**Goal of the exercise**: Without including any pictures, reproduce all the lines below word for word.

**Data to process**:
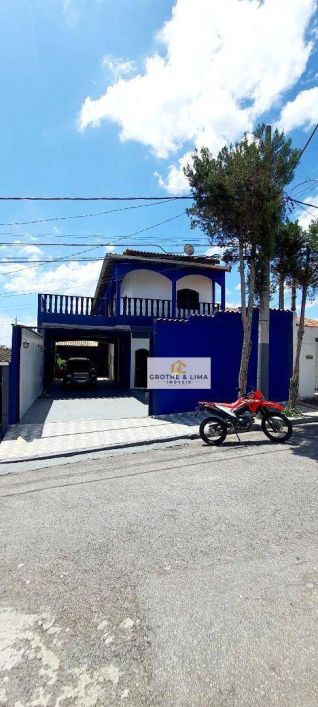 Sobrado à venda de 355m² em Taubaté SP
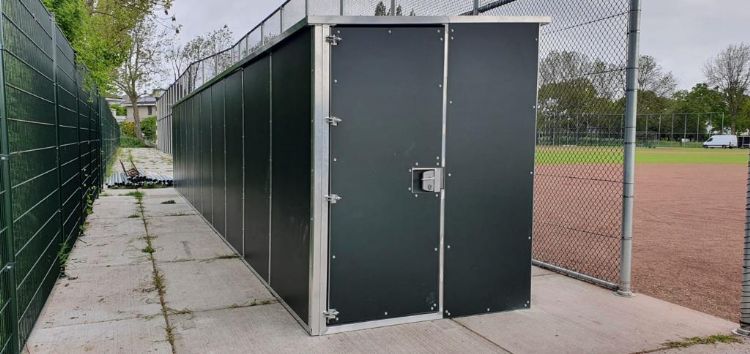 Zijkant dug-out met materiaalhok Zijkant dug-out met materiaalhok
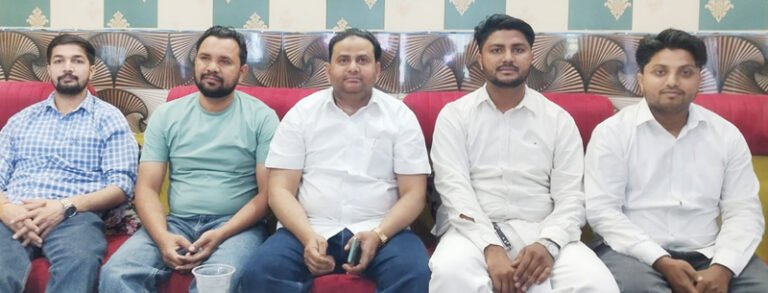 लंढौरा नगर पंचायत में भ्रष्टाचार के आरोपों से हड़कंप, पांच सभासदों ने चेयरमैन व ईओ के खिलाफ खोला मोर्चा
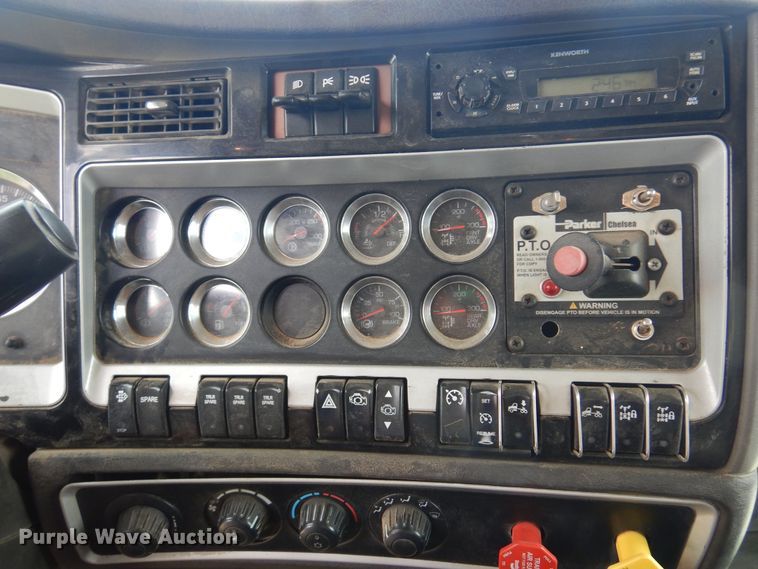 image for item DS8348 2012 Kenworth T800  semi truck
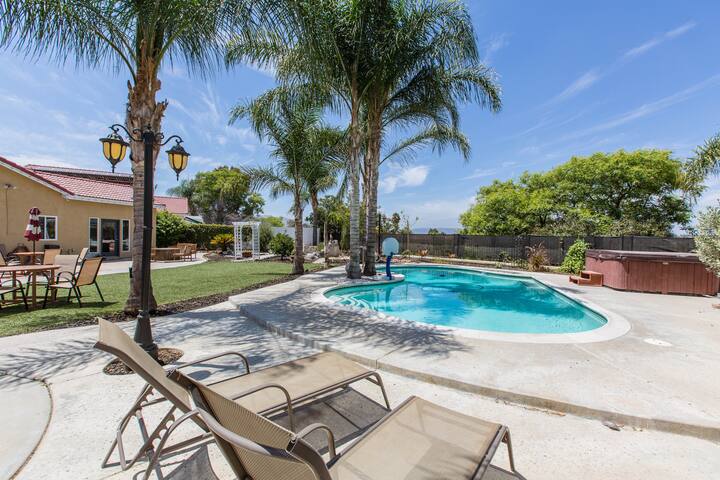 Amazing Parown Vacation Home Wine Country-Pool/Spa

**Solution to this exercise**:
 Sobrado à venda de 355m² em Taubaté SP
 Zijkant dug-out met materiaalhok Zijkant dug-out met materiaalhok
 लंढौरा नगर पंचायत में भ्रष्टाचार के आरोपों से हड़कंप, पांच सभासदों ने चेयरमैन व ईओ के खिलाफ खोला मोर्चा
 image for item DS8348 2012 Kenworth T800  semi truck
 Amazing Parown Vacation Home Wine Country-Pool/Spa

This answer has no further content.